Graylog journal continuously growing up

mpolitaev · July 23, 2017, 7:32pm

Our Graylog instance get not say high rate messages around 1000-2000 msg/s and journal growing till i get an alert in web interface that some uncommitted messages was deleted from journal and journal utilization is too high?

Can you advise which parameters should be tweaked for handle this load? Also is there a way to determine that Graylog under high load except that i found journal is growing without size decrease.

Also need to say that ES is from 3 nodes. 1 is only witness master and 2 others is data nodes. Before we have 1 node cluster. I am create master from AMI that 1 node as well as another node. And now is some indexes at relocation between 2 data nodes, is it can impact that Elastic search can’t handle messages as fast as we sending they.

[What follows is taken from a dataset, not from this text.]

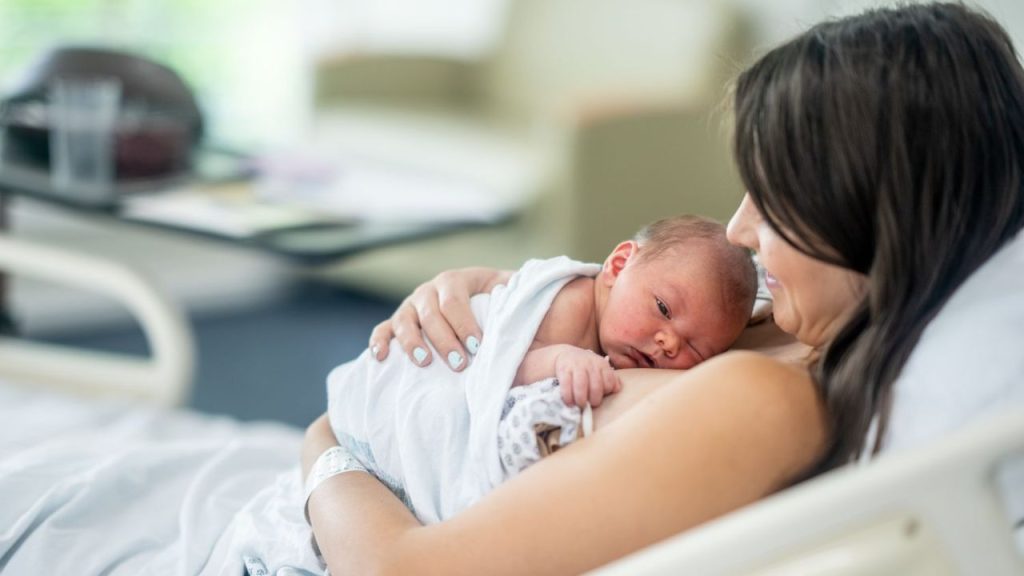 Normal Delivery Benefits For Mother And Baby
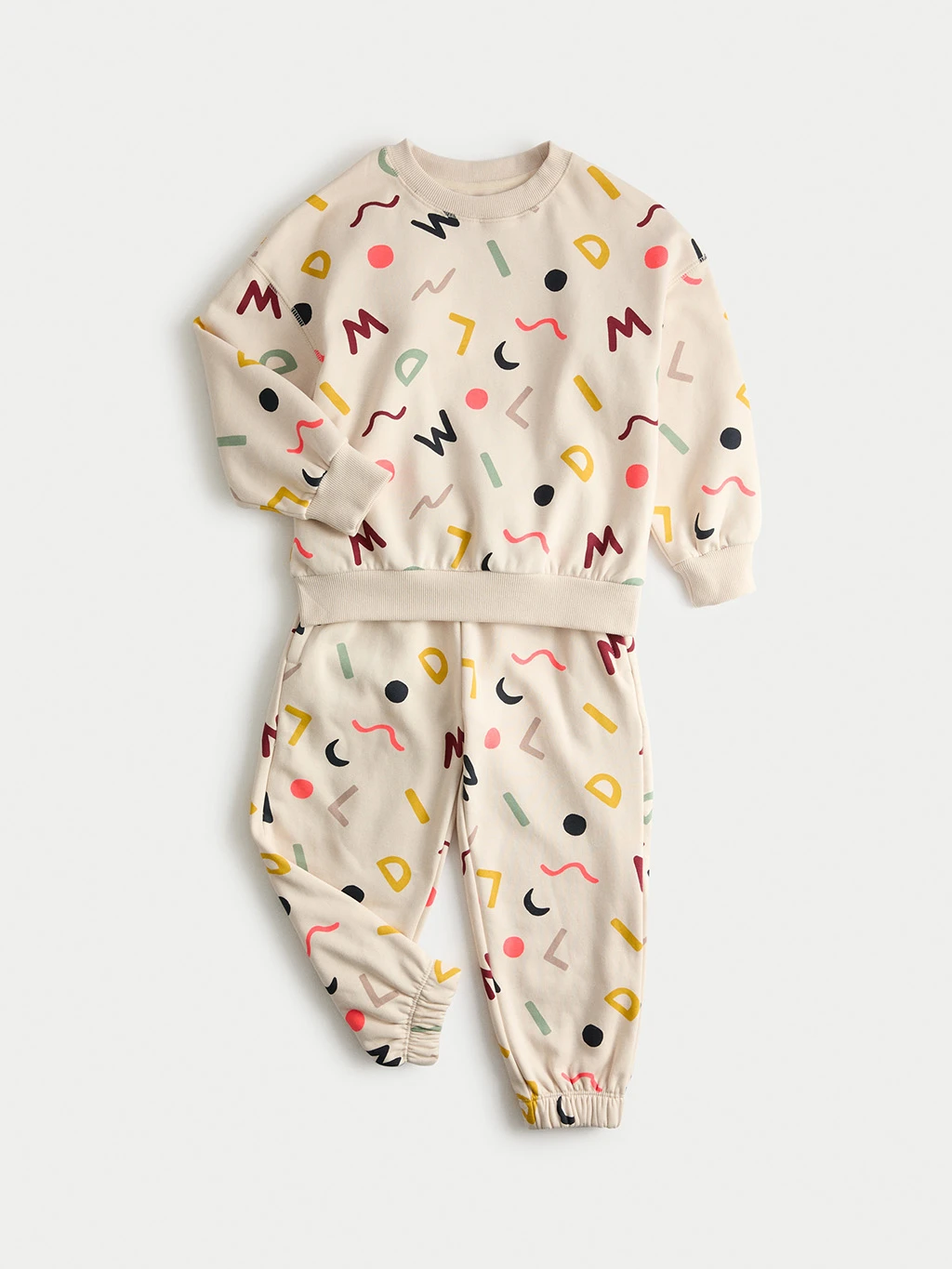 M&S X Binky patterned loungewear set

But still think that it not cause because CPU loaded under 100, even 90% on one data node and under 50% on another.
Thank you.

jan · July 24, 2017, 9:33am

Graylog Journal will raise if Elasticsearch is not able to handle the load or if the processing in Graylog took to much time so no real time processing is possible.

You should check your Logfiles of Graylog to find the reason for that.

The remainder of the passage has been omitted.